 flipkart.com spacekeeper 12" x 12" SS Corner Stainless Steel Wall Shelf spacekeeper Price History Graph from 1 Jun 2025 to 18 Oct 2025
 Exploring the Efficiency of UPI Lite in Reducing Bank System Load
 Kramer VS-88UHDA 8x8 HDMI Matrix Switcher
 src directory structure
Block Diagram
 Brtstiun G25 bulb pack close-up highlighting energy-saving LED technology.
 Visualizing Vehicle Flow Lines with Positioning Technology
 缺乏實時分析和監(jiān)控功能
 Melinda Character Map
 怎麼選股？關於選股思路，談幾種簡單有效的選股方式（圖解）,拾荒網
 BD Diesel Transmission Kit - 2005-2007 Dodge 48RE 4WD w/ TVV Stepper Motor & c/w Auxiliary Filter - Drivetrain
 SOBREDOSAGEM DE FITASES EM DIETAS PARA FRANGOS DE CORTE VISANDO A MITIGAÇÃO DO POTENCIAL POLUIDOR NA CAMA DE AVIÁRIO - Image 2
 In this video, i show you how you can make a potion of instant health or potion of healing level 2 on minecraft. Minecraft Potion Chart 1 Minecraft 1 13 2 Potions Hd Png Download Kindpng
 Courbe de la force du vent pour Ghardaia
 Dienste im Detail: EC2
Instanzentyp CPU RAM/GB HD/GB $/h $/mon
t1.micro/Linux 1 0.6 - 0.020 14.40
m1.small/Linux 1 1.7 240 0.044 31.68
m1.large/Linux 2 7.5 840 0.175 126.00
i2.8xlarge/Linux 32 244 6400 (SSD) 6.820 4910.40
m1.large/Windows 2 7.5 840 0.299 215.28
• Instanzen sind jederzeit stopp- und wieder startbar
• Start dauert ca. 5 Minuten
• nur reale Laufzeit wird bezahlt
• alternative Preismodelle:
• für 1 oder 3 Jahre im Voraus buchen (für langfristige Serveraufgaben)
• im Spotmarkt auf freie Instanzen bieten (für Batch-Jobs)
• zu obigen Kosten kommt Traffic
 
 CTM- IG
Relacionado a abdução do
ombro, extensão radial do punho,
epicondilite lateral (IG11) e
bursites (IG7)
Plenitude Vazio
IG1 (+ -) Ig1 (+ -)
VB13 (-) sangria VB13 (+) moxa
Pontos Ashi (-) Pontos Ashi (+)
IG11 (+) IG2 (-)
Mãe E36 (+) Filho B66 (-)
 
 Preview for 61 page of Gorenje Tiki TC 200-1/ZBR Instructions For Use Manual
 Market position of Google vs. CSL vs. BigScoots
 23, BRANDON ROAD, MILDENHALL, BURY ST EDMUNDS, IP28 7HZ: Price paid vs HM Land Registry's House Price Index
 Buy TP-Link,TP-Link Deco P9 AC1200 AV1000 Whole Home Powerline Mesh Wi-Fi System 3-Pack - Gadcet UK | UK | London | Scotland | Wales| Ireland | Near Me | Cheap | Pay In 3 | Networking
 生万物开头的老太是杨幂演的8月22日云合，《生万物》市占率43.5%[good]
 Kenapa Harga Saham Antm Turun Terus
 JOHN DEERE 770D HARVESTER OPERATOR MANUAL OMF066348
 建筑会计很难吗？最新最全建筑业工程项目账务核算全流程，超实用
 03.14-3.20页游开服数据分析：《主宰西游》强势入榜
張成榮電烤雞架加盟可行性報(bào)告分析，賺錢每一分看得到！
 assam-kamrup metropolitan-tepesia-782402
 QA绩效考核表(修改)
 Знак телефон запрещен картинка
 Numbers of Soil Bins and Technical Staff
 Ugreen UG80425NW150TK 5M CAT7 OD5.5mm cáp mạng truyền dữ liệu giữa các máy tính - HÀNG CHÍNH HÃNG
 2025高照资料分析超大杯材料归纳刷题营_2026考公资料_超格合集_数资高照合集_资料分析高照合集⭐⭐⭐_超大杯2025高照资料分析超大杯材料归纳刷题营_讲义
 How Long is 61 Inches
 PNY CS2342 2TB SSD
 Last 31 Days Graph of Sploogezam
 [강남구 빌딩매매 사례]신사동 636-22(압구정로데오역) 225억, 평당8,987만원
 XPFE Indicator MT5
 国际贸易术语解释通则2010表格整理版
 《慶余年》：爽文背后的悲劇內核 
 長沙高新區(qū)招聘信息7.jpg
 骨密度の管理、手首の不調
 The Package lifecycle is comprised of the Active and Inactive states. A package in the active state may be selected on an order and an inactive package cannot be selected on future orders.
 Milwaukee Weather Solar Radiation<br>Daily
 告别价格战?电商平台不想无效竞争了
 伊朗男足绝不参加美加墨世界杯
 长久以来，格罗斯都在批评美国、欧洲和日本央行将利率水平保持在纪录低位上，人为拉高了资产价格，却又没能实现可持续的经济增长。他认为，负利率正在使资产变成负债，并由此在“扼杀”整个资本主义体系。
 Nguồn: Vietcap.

********************

● What you need to do: Which of the lines in the listing above include "Price"? Report each of them.

● Expected output:
 flipkart.com spacekeeper 12" x 12" SS Corner Stainless Steel Wall Shelf spacekeeper Price History Graph from 1 Jun 2025 to 18 Oct 2025
 23, BRANDON ROAD, MILDENHALL, BURY ST EDMUNDS, IP28 7HZ: Price paid vs HM Land Registry's House Price Index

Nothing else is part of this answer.